# looking for info on a 1992 PH HOBBIES sound system



## robertalan51 (Jan 1, 2011)

Hi, I bought an old PH HOBBIES SOUND SYSTEM and need info on how to hook it up. Does anybody have any ideas as to where I can get info on this old out dated system? Thanks Rob


----------



## Totalwrecker (Feb 26, 2009)

Do a google search of MLS, there was a discussion several years back as we tried to figure out it's origin... it is not a polk hobbies unit. IIRC

Hope this helps...


----------



## Michael Glavin (Jan 2, 2009)

Greg's site has some info on PH Hobbies sound, link below.

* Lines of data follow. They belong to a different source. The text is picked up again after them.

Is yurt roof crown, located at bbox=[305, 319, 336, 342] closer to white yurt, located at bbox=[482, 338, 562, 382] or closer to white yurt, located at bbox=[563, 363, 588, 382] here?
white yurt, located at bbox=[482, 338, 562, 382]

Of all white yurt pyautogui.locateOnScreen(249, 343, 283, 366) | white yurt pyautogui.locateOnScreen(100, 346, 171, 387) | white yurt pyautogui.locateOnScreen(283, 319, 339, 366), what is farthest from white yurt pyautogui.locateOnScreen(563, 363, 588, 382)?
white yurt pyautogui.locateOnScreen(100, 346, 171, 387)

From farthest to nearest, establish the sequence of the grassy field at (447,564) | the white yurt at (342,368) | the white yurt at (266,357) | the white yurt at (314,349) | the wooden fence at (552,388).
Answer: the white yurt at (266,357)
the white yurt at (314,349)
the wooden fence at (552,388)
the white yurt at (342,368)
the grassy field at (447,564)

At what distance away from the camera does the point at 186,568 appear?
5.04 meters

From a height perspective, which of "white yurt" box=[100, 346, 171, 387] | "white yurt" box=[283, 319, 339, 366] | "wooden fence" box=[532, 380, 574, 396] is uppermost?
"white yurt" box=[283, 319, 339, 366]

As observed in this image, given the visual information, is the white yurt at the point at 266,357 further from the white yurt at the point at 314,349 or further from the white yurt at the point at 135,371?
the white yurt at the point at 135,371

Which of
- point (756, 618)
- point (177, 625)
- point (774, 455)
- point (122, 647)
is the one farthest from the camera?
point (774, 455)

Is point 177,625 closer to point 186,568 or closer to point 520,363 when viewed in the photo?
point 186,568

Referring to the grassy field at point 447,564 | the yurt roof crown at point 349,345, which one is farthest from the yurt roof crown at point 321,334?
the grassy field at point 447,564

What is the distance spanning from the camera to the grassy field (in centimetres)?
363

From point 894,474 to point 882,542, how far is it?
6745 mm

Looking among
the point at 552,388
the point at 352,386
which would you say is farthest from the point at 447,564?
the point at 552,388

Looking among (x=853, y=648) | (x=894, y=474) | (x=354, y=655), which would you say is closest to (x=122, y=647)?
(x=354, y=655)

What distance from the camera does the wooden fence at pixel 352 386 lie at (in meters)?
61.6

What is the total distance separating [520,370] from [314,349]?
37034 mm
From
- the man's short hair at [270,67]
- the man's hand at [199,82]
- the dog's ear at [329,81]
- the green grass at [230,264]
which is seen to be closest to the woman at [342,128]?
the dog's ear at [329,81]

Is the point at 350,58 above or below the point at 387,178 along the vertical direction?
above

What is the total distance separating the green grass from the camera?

http://www.elmassian.com/trains/dcc-battery-rc-electronics/sound-systems/p-h-hobbies

Michael


----------



## rwbrashear (Jan 5, 2008)

Hi Rob,

I posted a few pictures of the board and manual.
http://1stclass.mylargescale.com/rwbrashear/PH_Hobbies/DSC_0041.JPG
http://1stclass.mylargescale.com/rwbrashear/PH_Hobbies/DSC_0042.JPG
http://1stclass.mylargescale.com/rwbrashear/PH_Hobbies/DSC_0043.JPG
http://1stclass.mylargescale.com/rwbrashear/PH_Hobbies/DSC_0044.JPG
http://1stclass.mylargescale.com/rwbrashear/PH_Hobbies/DSC_0047.JPG
http://1stclass.mylargescale.com/rwbrashear/PH_Hobbies/DSC_0049.JPG

Good luck!

Best regards,
Bob


----------